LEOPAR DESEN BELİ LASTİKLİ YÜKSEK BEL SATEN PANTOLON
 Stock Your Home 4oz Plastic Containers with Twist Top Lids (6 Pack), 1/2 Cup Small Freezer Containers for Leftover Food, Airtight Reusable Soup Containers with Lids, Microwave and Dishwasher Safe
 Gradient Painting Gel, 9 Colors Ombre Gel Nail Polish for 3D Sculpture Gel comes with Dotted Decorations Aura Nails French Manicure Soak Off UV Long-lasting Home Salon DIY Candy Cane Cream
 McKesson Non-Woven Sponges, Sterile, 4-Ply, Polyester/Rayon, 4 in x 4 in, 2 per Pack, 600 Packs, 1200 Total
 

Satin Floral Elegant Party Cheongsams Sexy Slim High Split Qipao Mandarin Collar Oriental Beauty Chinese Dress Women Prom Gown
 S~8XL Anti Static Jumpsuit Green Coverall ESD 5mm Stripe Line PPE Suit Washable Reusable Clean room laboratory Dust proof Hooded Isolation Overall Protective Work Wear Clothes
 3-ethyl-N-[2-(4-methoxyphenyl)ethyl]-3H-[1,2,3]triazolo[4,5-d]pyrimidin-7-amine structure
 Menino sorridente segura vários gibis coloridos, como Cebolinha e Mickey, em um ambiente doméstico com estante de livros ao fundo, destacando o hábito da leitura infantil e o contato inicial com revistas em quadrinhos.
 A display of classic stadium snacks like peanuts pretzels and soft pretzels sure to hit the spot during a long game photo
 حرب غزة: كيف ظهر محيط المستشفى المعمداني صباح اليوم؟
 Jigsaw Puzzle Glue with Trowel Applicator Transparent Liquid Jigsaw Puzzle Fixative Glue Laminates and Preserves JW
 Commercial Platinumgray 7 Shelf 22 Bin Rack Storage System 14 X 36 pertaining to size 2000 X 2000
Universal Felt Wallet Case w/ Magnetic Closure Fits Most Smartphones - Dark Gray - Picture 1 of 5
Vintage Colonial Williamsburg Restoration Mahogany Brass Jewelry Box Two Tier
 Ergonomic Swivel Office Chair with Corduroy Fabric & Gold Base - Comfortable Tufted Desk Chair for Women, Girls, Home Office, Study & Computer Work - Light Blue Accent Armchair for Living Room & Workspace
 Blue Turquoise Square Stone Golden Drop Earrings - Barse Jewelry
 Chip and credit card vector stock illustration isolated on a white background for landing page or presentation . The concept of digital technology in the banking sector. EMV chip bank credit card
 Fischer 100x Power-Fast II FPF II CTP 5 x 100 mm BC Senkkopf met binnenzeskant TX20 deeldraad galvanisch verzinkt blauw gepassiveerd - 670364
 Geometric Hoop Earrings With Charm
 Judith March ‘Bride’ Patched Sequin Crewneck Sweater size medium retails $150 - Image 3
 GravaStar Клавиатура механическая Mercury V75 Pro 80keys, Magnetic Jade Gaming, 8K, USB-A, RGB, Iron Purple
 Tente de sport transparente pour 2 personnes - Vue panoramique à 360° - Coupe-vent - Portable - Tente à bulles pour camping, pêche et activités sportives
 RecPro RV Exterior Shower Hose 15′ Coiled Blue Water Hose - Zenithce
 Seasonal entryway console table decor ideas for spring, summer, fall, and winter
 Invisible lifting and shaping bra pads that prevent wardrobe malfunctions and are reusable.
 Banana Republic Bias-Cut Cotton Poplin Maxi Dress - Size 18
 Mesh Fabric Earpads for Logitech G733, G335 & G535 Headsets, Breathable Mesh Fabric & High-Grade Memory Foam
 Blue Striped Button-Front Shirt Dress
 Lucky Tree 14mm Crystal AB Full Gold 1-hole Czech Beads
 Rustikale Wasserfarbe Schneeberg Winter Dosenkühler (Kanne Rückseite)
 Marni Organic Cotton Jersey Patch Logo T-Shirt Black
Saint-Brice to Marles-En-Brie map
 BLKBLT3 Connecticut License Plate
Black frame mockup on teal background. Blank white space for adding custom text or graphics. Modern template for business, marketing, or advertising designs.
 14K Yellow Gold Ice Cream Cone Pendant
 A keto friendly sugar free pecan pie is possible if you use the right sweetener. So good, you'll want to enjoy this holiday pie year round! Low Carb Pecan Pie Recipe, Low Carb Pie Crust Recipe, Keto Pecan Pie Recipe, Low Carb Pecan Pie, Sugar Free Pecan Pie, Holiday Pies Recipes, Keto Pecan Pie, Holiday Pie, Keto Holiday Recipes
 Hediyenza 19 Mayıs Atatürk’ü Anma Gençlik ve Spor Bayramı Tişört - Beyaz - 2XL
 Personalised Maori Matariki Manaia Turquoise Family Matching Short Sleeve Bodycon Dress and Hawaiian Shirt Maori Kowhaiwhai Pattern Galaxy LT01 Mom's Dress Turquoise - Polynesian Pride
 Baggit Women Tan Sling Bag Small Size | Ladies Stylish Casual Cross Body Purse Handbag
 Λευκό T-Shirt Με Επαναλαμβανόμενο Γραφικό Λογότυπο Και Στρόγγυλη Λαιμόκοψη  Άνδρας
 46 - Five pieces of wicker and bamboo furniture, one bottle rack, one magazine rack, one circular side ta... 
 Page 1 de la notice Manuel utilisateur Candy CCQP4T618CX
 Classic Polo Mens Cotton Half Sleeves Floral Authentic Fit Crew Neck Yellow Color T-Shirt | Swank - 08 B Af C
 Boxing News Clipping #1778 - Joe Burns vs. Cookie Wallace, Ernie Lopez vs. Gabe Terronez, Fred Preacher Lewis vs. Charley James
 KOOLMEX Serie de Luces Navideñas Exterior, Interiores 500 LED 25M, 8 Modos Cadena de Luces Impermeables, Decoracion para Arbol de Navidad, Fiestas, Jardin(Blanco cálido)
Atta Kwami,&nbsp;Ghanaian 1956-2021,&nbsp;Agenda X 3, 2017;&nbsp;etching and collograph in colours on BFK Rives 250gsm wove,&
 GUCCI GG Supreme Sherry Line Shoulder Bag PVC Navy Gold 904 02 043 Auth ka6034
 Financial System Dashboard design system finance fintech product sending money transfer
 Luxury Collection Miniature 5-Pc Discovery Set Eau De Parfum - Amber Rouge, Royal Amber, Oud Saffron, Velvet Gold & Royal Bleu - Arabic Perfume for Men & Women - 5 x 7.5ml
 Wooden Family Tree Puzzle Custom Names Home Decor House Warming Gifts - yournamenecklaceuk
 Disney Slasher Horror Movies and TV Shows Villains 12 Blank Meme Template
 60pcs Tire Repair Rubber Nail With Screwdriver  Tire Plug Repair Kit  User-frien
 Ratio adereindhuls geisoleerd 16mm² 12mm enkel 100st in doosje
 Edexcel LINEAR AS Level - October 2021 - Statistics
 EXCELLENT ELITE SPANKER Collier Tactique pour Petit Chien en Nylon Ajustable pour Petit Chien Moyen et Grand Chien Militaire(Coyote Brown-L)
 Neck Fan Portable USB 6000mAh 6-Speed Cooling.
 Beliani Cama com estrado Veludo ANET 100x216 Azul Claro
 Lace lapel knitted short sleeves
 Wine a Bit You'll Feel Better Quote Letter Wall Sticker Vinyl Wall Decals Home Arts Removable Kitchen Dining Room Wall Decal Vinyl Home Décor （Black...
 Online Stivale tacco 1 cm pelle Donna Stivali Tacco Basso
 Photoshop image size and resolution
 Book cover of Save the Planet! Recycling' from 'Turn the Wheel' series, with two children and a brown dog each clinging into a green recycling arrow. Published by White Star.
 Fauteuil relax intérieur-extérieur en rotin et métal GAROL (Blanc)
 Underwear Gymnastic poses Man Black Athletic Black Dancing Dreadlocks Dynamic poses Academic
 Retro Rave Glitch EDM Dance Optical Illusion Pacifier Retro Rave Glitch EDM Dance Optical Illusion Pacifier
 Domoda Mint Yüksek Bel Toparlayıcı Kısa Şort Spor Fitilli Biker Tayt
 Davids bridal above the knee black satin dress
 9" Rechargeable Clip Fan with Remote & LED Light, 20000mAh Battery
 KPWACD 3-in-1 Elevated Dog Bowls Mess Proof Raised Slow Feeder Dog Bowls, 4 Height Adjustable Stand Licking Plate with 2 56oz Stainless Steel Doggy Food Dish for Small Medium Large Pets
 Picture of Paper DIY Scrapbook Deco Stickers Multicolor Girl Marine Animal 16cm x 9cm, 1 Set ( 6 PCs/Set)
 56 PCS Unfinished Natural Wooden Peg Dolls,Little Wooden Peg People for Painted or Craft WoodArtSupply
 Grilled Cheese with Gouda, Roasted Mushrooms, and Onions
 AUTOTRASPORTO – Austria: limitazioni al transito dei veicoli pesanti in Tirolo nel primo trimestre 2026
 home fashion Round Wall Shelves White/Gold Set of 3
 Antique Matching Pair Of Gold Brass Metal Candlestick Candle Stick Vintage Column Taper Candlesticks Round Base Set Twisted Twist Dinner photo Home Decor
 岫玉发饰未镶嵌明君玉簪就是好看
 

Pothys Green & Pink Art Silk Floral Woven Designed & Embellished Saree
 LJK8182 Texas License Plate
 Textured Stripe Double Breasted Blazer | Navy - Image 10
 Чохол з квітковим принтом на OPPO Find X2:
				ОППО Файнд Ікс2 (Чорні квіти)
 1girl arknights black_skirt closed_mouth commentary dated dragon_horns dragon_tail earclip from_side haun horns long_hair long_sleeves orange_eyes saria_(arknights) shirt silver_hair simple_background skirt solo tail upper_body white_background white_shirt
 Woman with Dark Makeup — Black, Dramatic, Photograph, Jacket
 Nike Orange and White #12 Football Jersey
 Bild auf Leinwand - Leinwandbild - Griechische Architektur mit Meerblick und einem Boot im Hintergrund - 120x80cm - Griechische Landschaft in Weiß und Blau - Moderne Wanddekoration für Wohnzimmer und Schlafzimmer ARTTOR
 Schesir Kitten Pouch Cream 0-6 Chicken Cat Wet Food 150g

* _TASK DESCRIPTION_:
Give back precisely the lines above that start at the line containing "Jigsaw Puzzle Glue" and end at the line containing "Vintage Colonial Williamsburg", inclusive. No other lines belong in the output.

* _REPLY_:
 Jigsaw Puzzle Glue with Trowel Applicator Transparent Liquid Jigsaw Puzzle Fixative Glue Laminates and Preserves JW
 Commercial Platinumgray 7 Shelf 22 Bin Rack Storage System 14 X 36 pertaining to size 2000 X 2000
Universal Felt Wallet Case w/ Magnetic Closure Fits Most Smartphones - Dark Gray - Picture 1 of 5
Vintage Colonial Williamsburg Restoration Mahogany Brass Jewelry Box Two Tier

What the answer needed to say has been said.